Robinson v. Icarus Industrial Constructing & Painting Co.

762 N.E.2d 463, 145 Ohio App. 3d 256
CourtOhio Court of Appeals
DecidedAugust 15, 2001
DocketCase Number 4-01-05.
StatusPublished
Cited by11 cases

This text of 762 N.E.2d 463 (Robinson v. Icarus Industrial Constructing & Painting Co.) is published on Counsel Stack Legal Research, covering Ohio Court of Appeals primary law. Counsel Stack provides free access to over 12 million legal documents including statutes, case law, regulations, and constitutions.

Bluebook
Robinson v. Icarus Industrial Constructing & Painting Co., 762 N.E.2d 463, 145 Ohio App. 3d 256 (Ohio Ct. App. 2001).

Opinion

Walters, Presiding Judge.

This appeal arises from a decision by the Common Pleas Court of Defiance County to enter summary judgment against plaintiff-appellant, Mark A. Robinson, administrator of the estate of Ronald Ours. Finding no merit to the arguments advanced on appeal, we affirm the judgment of the trial court.

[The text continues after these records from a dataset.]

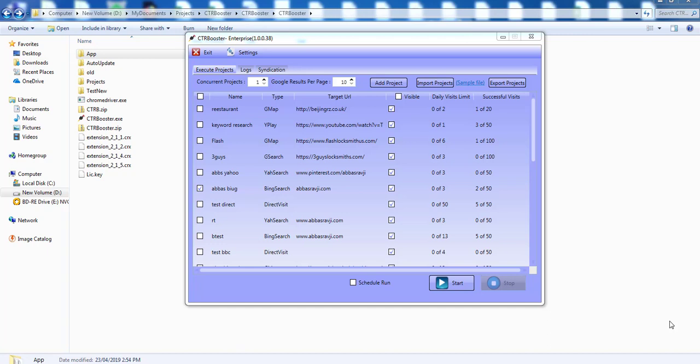Hello and welcome to a video update of the CTR booster. In this video I'm going to be making notes of some new updates that we've made to the software to make it work and look even more natural.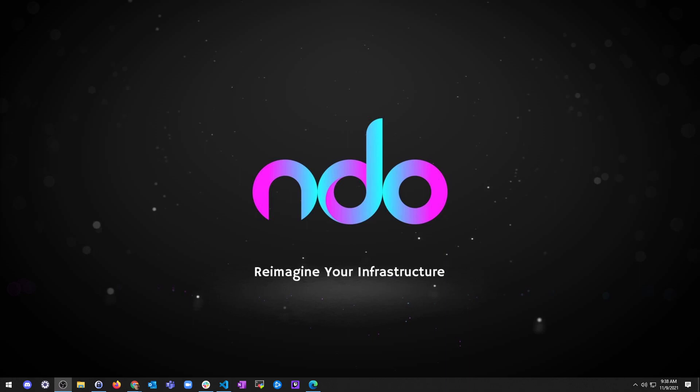Hey, what's up? It's Jake, and welcome to the next section — the second-to-last section on how to test Terraform code.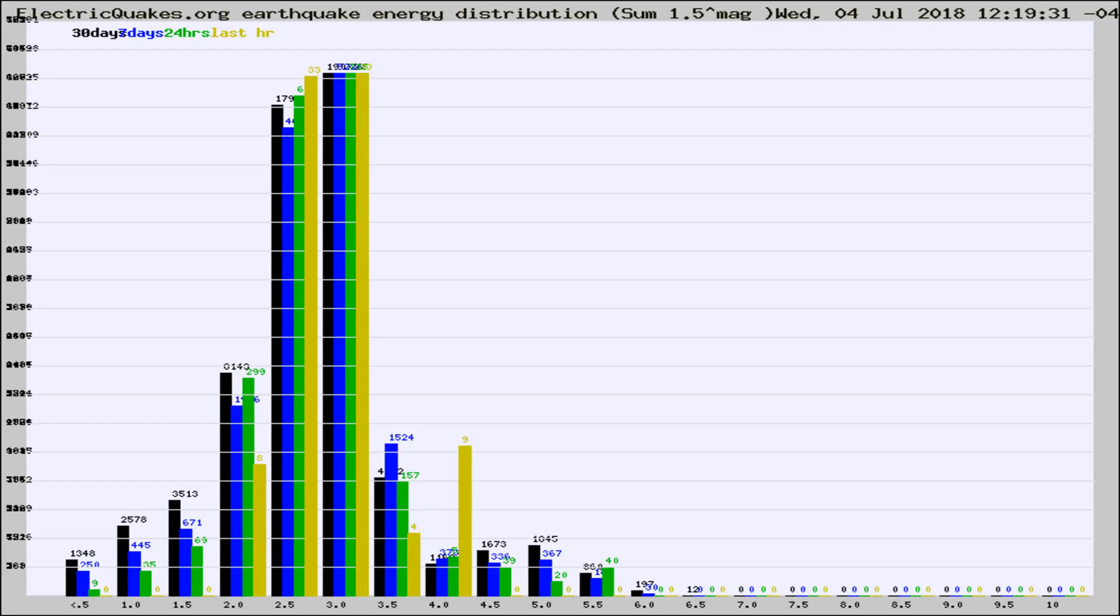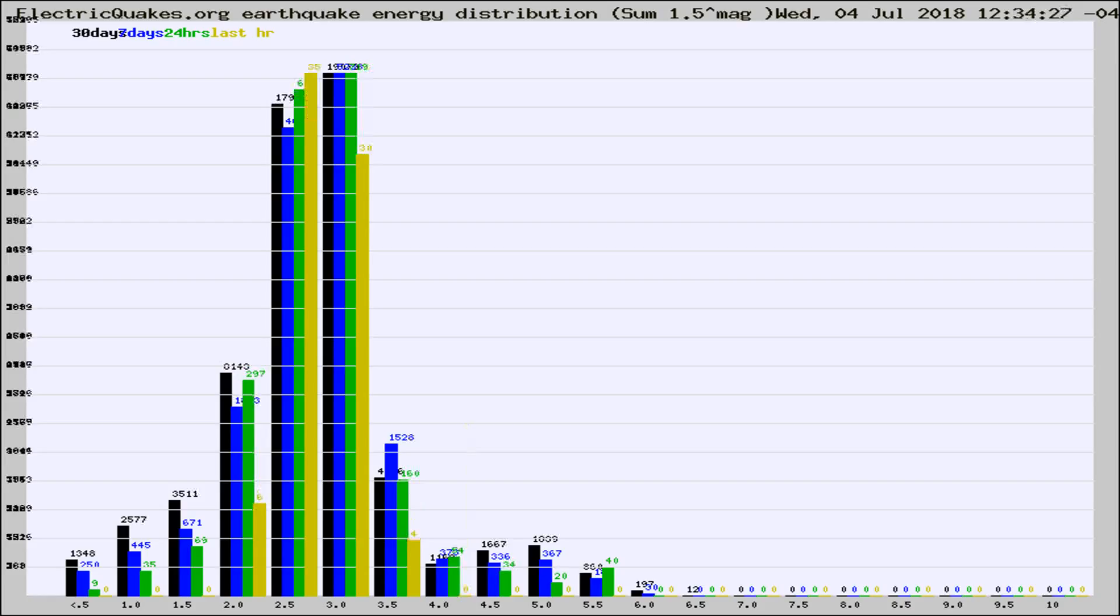Now you're looking at earthquake energy distribution by magnitude. This is worldwide, and you're seeing them changing as they did every 10 minutes within the last hour.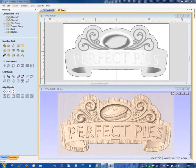In this demonstration we're going to manipulate some of the components in our design, change their properties, their name, the order and the grouping using the tree control and the other tools in Aspire.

In May 1994, the Ohio Department of Transportation (“ODOT”) awarded appellee, Icarus Industrial Constructing and Painting Company (“Icarus”), a contract to paint five bridges within several counties of the state. After the four largest bridges were completed, work began on the final bridge located in Defiance County, Ohio, on State Route 18. The necessary work included surface preparation through abrasive blasting, followed by several coats of paint. Each *259 bridge utilized the same techniques, and the first four were completed without incident.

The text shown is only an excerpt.